Product Description
This book provides a sampling of poems written in exile from 1986 to 1994, drawn from my previous books, "After the Silence," "Sorrow of the Border," and 'Poems of Venice." It covers both periods of my life in America, when I was still rummaging in the ruins of the lost revolution in my homeland, Iran, and when I finally came to terms with my new situation in Los Angeles. A postscript added to the poems describes these changes in detail.
From the Publisher
The poetry of "Muddy Shoes" is born of great suffering yet affirms deep dignity and respect for that wider experience of the world, brought here through danger and carved out of solitude and reflection. Tragically, we are seldom allowed to hear or see such things, blocked from sensing the reality of other countries, knowledges, forms of speech; when these are allowed in or come in, they are, without recourse, smoothed out, conquered if you will, without mercy.
Naficy, as a poet of Los Angeles, suggests a new route, and this one to freedom. Is it Los Angeles that has enabled a writer to deal with such issues esthetically, and with such determination? Is this special impetus capable perhaps of being born only here? Privacy and separateness preserve the otherness and beauty necessary for culture, but they also propel the meaningfulness of speech. Naficy brings these as a gift, together and simultaneously, to the table of our common language.
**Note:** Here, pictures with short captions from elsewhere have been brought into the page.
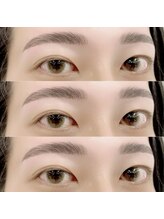 セネル(SeneL)/ハリウッドブロウリフト大阪福島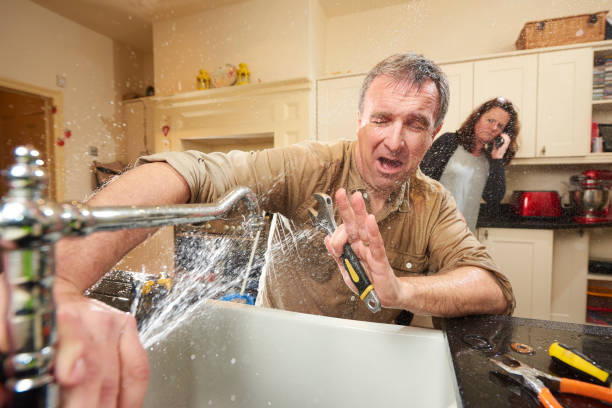 Best 24/7 water damage repair  in Lamoni, IA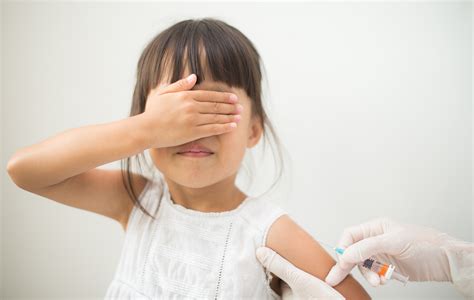Las Vacunas En La Infancia Qué Por Qué Y Cuándo Altamed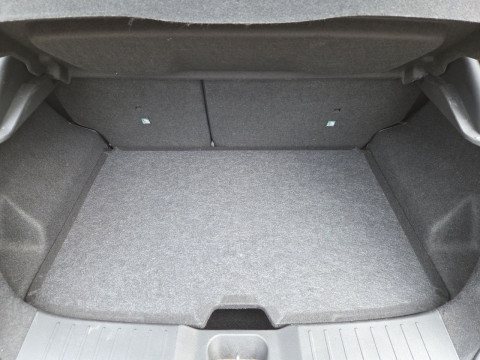 Ansicht 10 - Gebrauchtwagen Fahrzeug, Modell Juke der Marke Nissan von Verkäufer Autozentrum Walter GmbH & Co. KG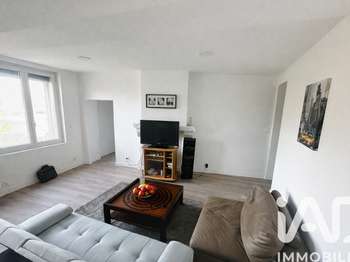 Vente appartement 7 pièces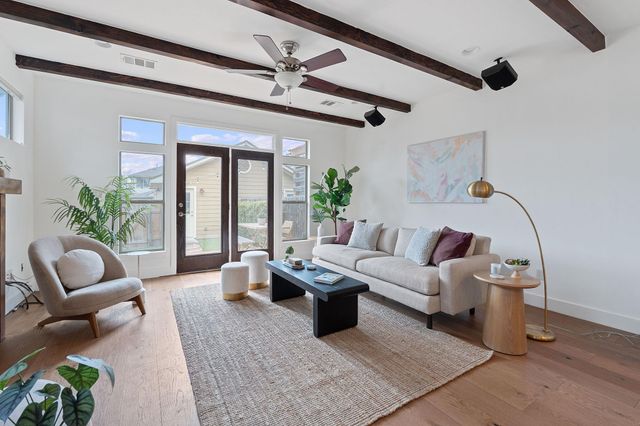 5412 Grover Ave A, Austin, TX 78756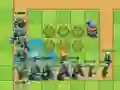 Permainan Kingdom Fight talian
Who but a poet could halt devouring movement or place into motion inert rock? By being wiling to come forth in an unorthodox way, and speak of things so alienable in a life rendered fast and hollow, Naficy exemplifies a new attentiveness, a new fearlessness. The world is far bigger than "America," and, absolutely, Los Angeles. The poet shows a way to attend to this world we as a plural people embody and inhabit, yet seemingly have forgotten to heed.